Podemos adaptarnos a los cambios actuales, al cambio tecnológico. La automatización no necesariamente implica la obsolescencia humana, la tecnología puede hacernos más productivos sin reemplazarnos, siempre y cuando nos demos a la tarea de movernos a nuevos sectores, tal como hicimos durante la primera Revolución Industrial. El cambio climático no tiene por qué destruir nuestras sociedades, no lo hará si podemos tomar medidas de adaptación y mitigación, si podemos encontrar la forma de cooperar y proveer bienes públicos globales. La desigualdad no tiene por qué seguir desintegrándonos si recordamos las lecciones de la historia, sobre cómo la desigualdad contribuyó al final de la primera globalización del siglo XIX, si recordamos que las relaciones económicas en el mundo tienen efectos distributivos y actuamos para que las ganancias y costos se distribuyan de una forma mucho más equitativa.

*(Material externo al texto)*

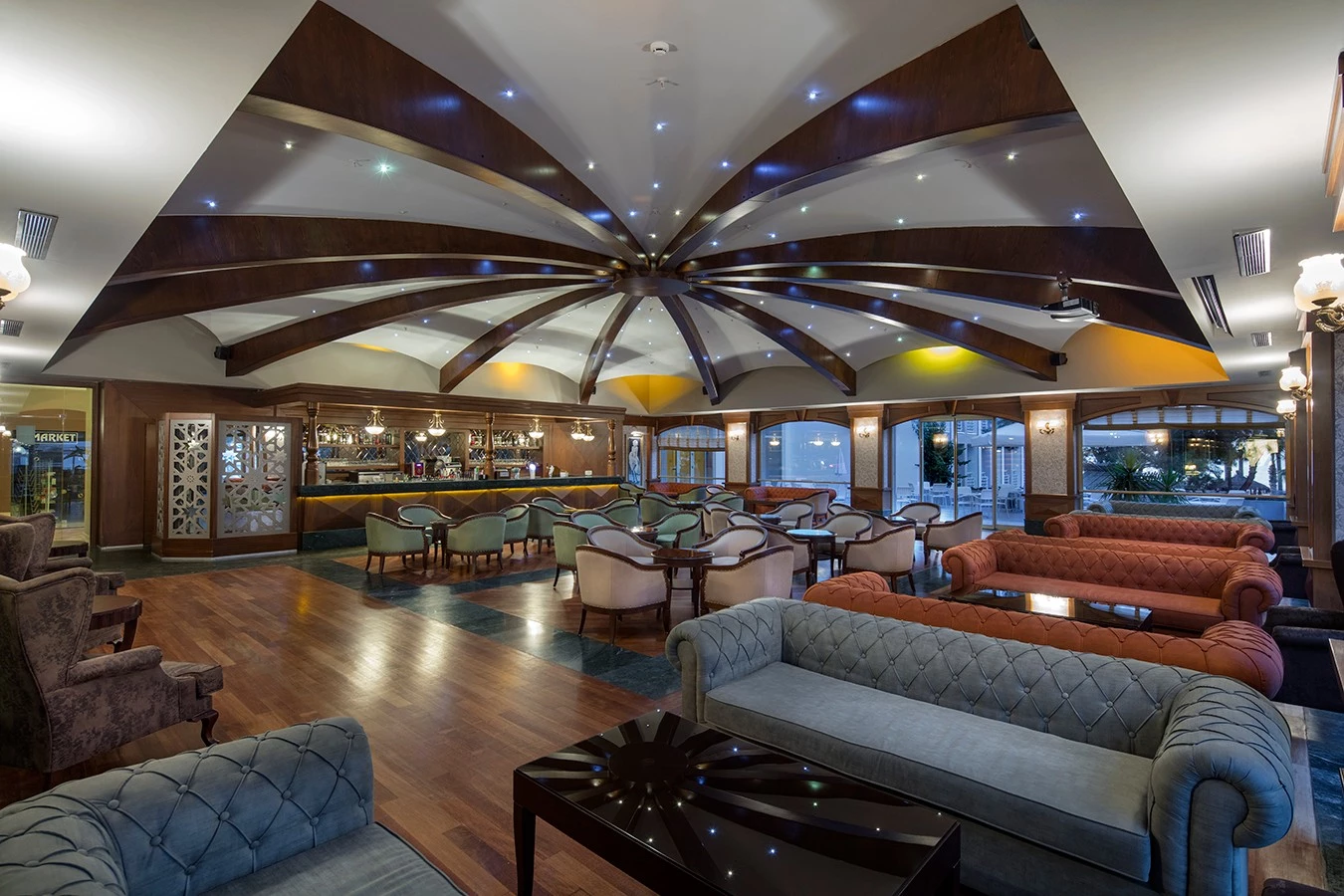 #altIMG Yeme-İçme in Hotel# Kilikya Palace Göynük #altIMG in# Antalya, Türkiye - #altIMG Image# 7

No existen problemas sociales que no tengan soluciones dentro de las sociedades. Esas soluciones requieren menos sueños tecnológicos, menos escapismo hacia el futuro y más política en el presente. En una época de transformaciones profundas es sencillo ver al mundo como el mejor de los mundos posibles… o el peor de ellos. La realidad es mucho menos extrema, vivimos al mismo tiempo en el peor y mejor mundo posible en algunos aspectos. Ver al mundo a través de los lentes de la utopía o la distopía es simplificar demasiado nuestra realidad. Aun así, lo utópico y lo distópico tienen una función importante, no en el futuro sino en el presente: hacernos pensar sobre mundos de desilusión y, con ello, pensar en los problemas de nuestros tiempos, concentrarnos en ese 90 por ciento que podemos prever y no en el 10 por ciento que quizá nunca exista.